Section 2.2    Maturity. The stated maturity of principal for the Notes shall be February 25, 2030. 

Section 2.3    Further Issues. The Company may from time to time, without the consent of the Holders of Notes,
issue additional Notes, provided that if the additional Notes are not fungible, for U.S. federal income tax purposes, with the Notes the additional Notes will have a separate ISIN and/or any other identifying number. Any such additional Notes shall
have the same ranking, interest rate, maturity date and other terms as the Notes. Any such additional Notes, together with the Notes herein provided for, shall constitute a single series of Securities under the Indenture. 

Section 2.4    Form of Payment. 

(a)    Principal of, premium, if any, and interest and additional amounts, if any, on the Notes shall be payable in euros.
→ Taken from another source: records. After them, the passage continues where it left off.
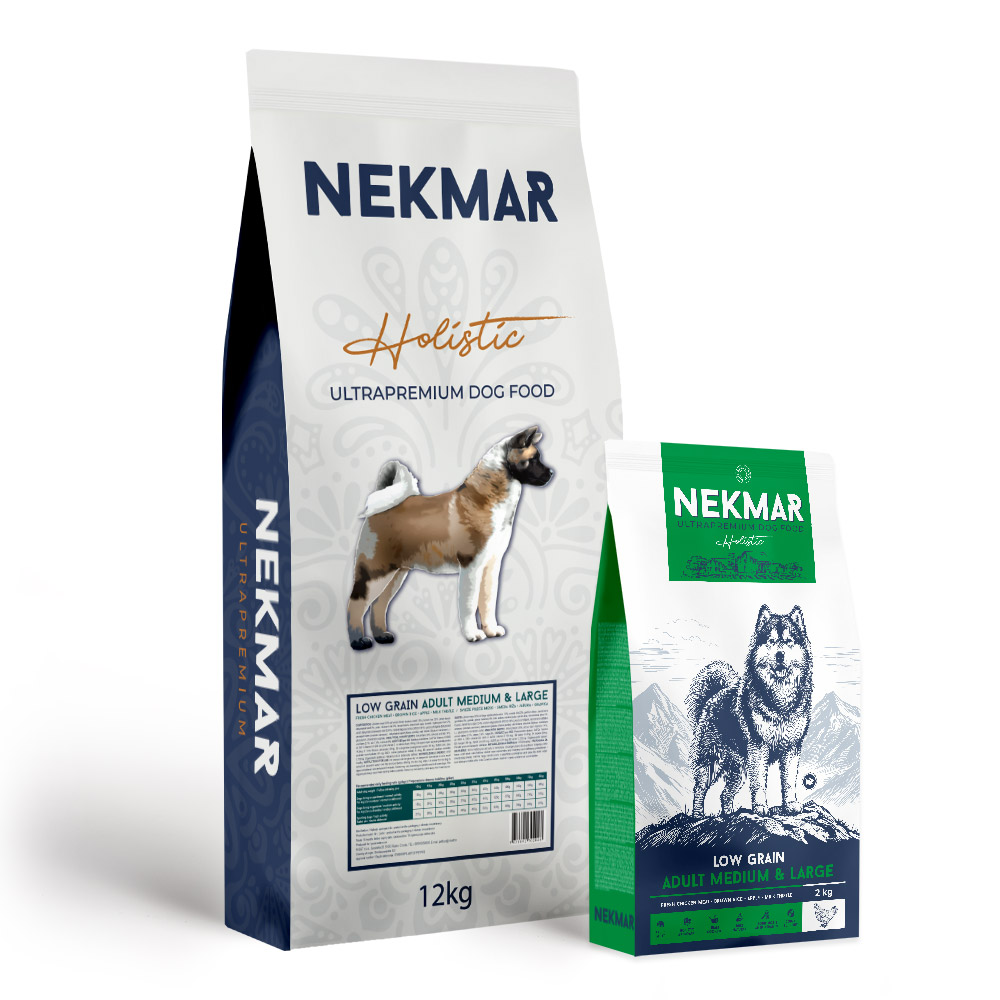 Nekmar Poulet Frais Medium / Large
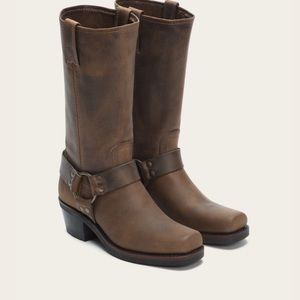 Frye Harness 12R Boots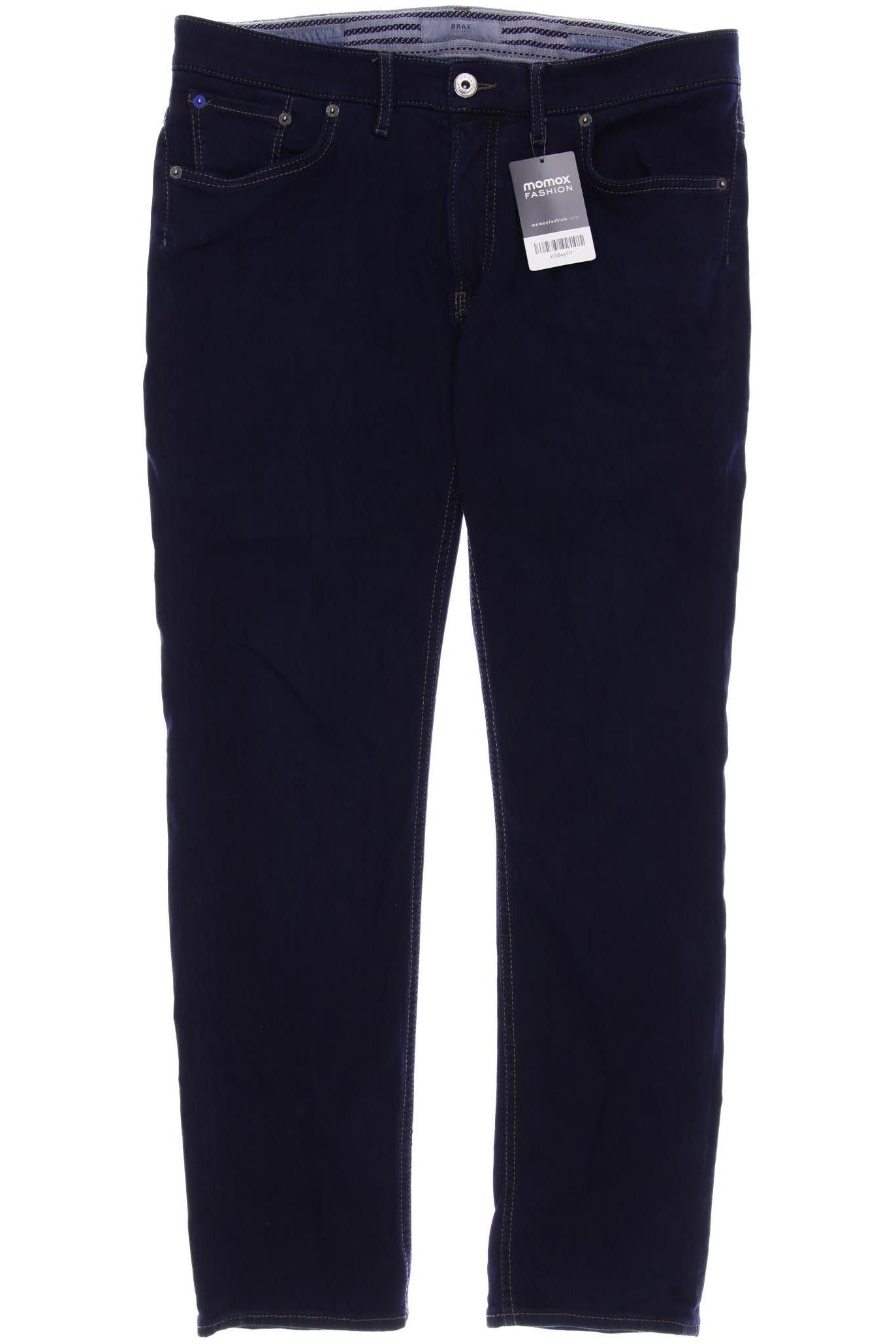 

BRAX Herren Jeans, marineblau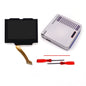 V5 Laminated GBA IPS Backlight LCD Screen Kits with Shell for Gameboy Advance SP Console NO NEED CUT Easy to Install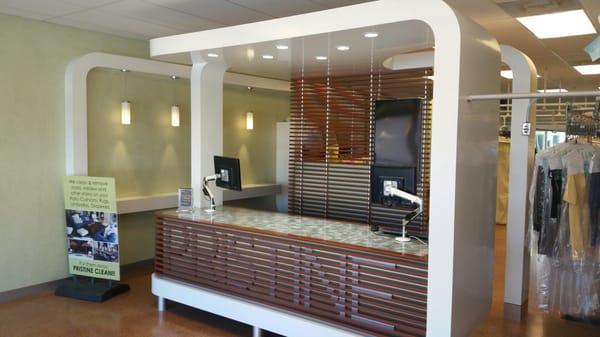 Pristine Fine Dry Cleaning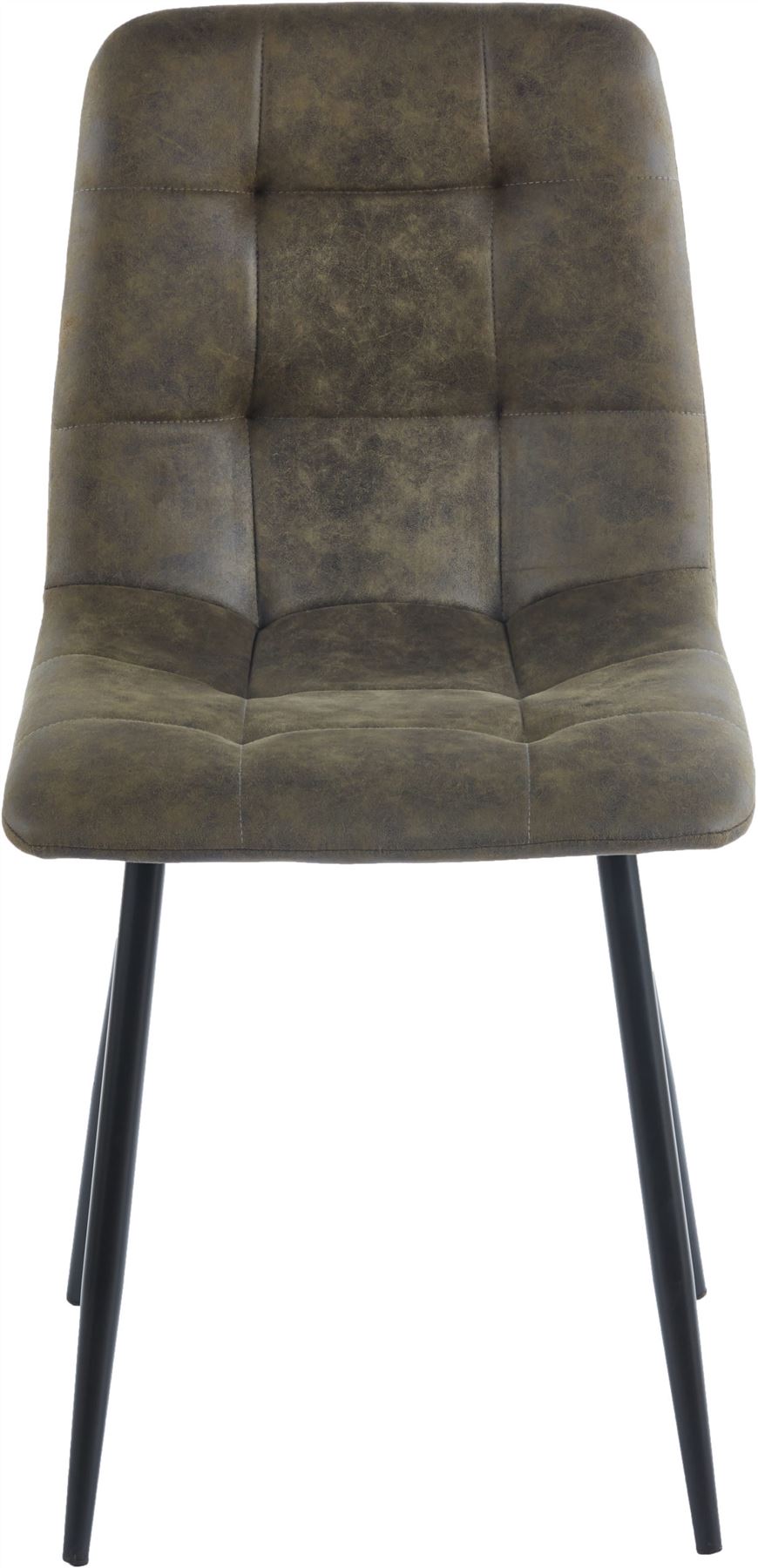 Fenton Dining Set (6 Chairs) - Seconique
 (b)    Principal of, premium, if any, interest and additional amounts, if any, on the Notes shall be payable at the
office or agency of the Paying Agent at 125 Old Broad Street, London EC2N 1AR until such time as the Company designates an alternate place of payment or, at the option of the Company, payment of interest may be made by check mailed to the Holders of
the Notes at their respective addresses set forth in the register of Holders; provided that all payments of principal, premium, if any, and interest and additional amounts, if any, with respect to the Notes represented by one or more Global
Notes deposited with, or on behalf of, a common Depositary, and registered in the name of the nominee of the common Depositary for the accounts of Clearstream and Euroclear will be made through the facilities of the common Depositary. The Company
may change the Paying Agent without prior notice to the Holders and the Company or any of its subsidiaries may act as Paying Agent. 

  
 6 

 (c)    If on or after the date of this Supplemental Indenture, the euro
is unavailable to the Company due to the imposition of exchange controls or other circumstances beyond the Company’s control or if the euro is no longer being used by the then-member states of the European Monetary Union that have adopted the
euro as their currency or for the settlement of transactions by public institutions of or within the international banking community, then all payments in respect of the Notes will be made in U.S. dollars until the euro is again available to the
Company or so used. The amount payable on any date in euros will be converted by the Company into U.S. dollars on the basis of the most recently available market exchange rate for euro as determined by the Company. Any payment in respect of the
Notes so made in U.S. dollars will not constitute an Event of Default under the Notes or this Supplemental Indenture. Neither the Trustee nor the Paying Agent shall have any responsibility for any calculation or conversion in connection with the
foregoing. 
 Section 2.5    Global Securities and Denomination of Notes. 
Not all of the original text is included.